**TRY IT**: Reproduce the line with "3 bedroom Apartment" and everything after it in the listing below, exactly, both ends included. No pictures.

**SUPPLIED DATA**:

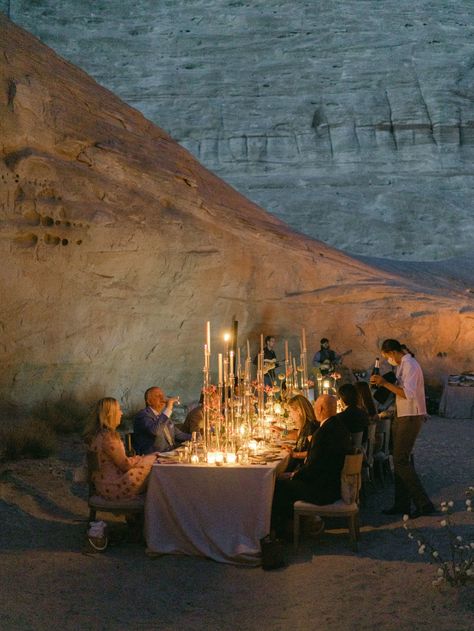 Amangiri Resort Utah Wedding, Wadi Rum Wedding, Utah Desert Wedding, Gothic Desert Wedding, Desert Wedding Inspiration, Wedding In Desert, Desert Wedding Aesthetic, Desert Wedding Colors, Desert Theme Wedding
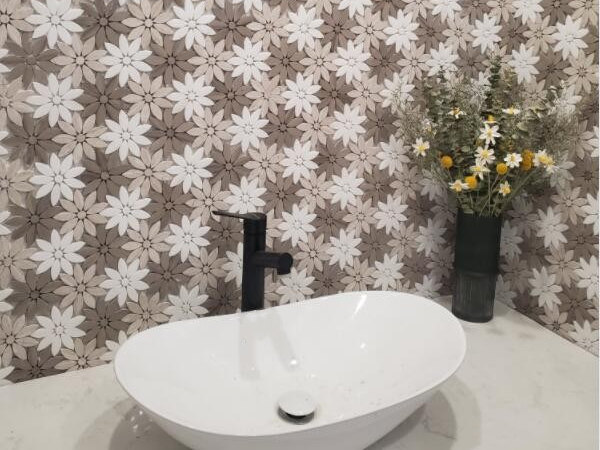 vodným lúčom slnečnicová mramorová mozaika na stenu v kúpeľni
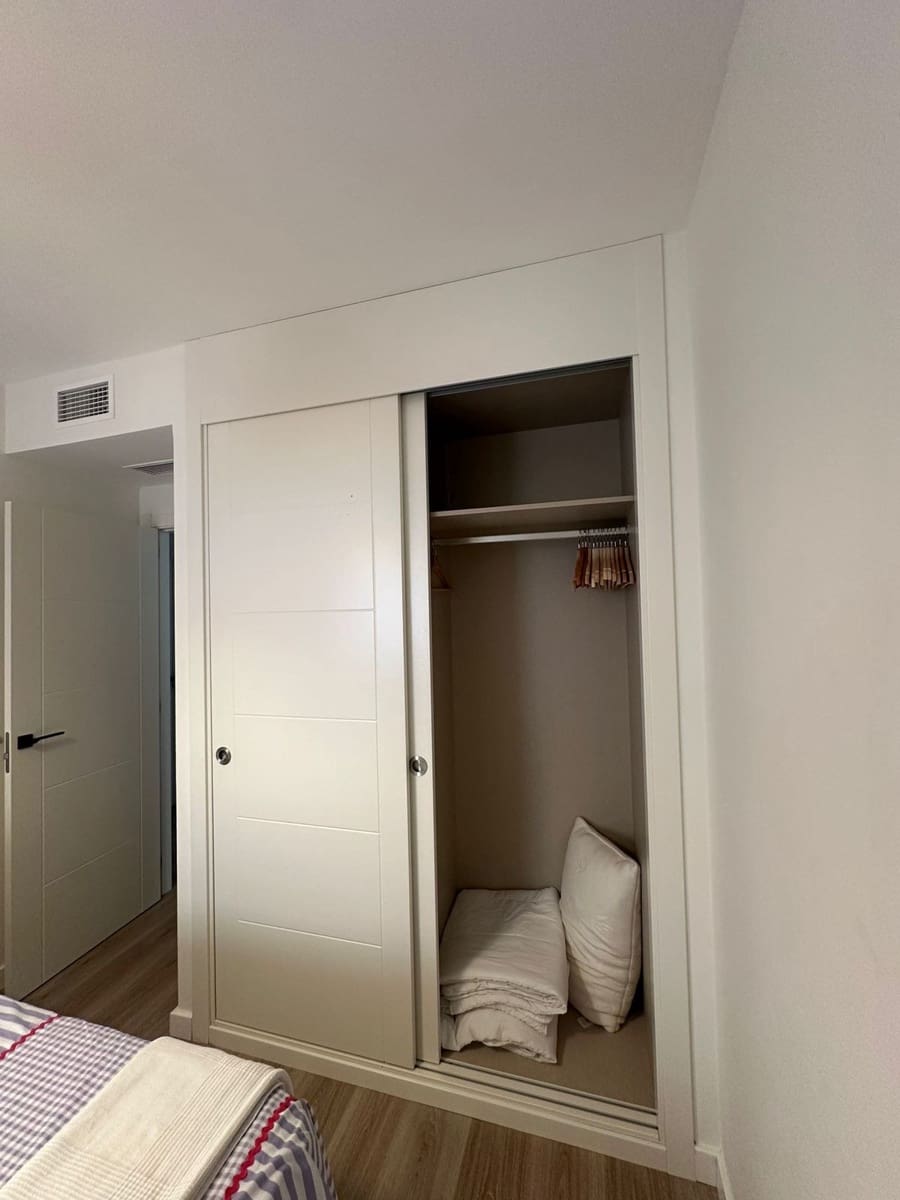 3 bedroom Apartment for sale in Nueva Andalucia - € 479,000 (Ref: 9424195)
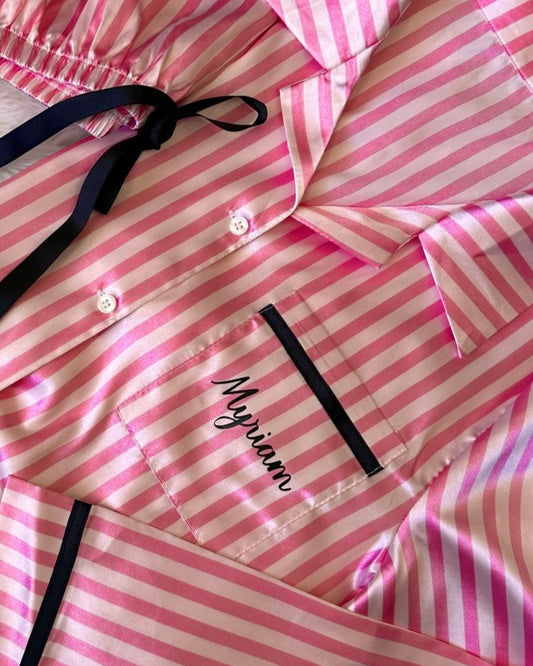 Gepersonaliseerde satijnen pyjama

**RESULT OF THE TASK**:
 3 bedroom Apartment for sale in Nueva Andalucia - € 479,000 (Ref: 9424195)
 Gepersonaliseerde satijnen pyjama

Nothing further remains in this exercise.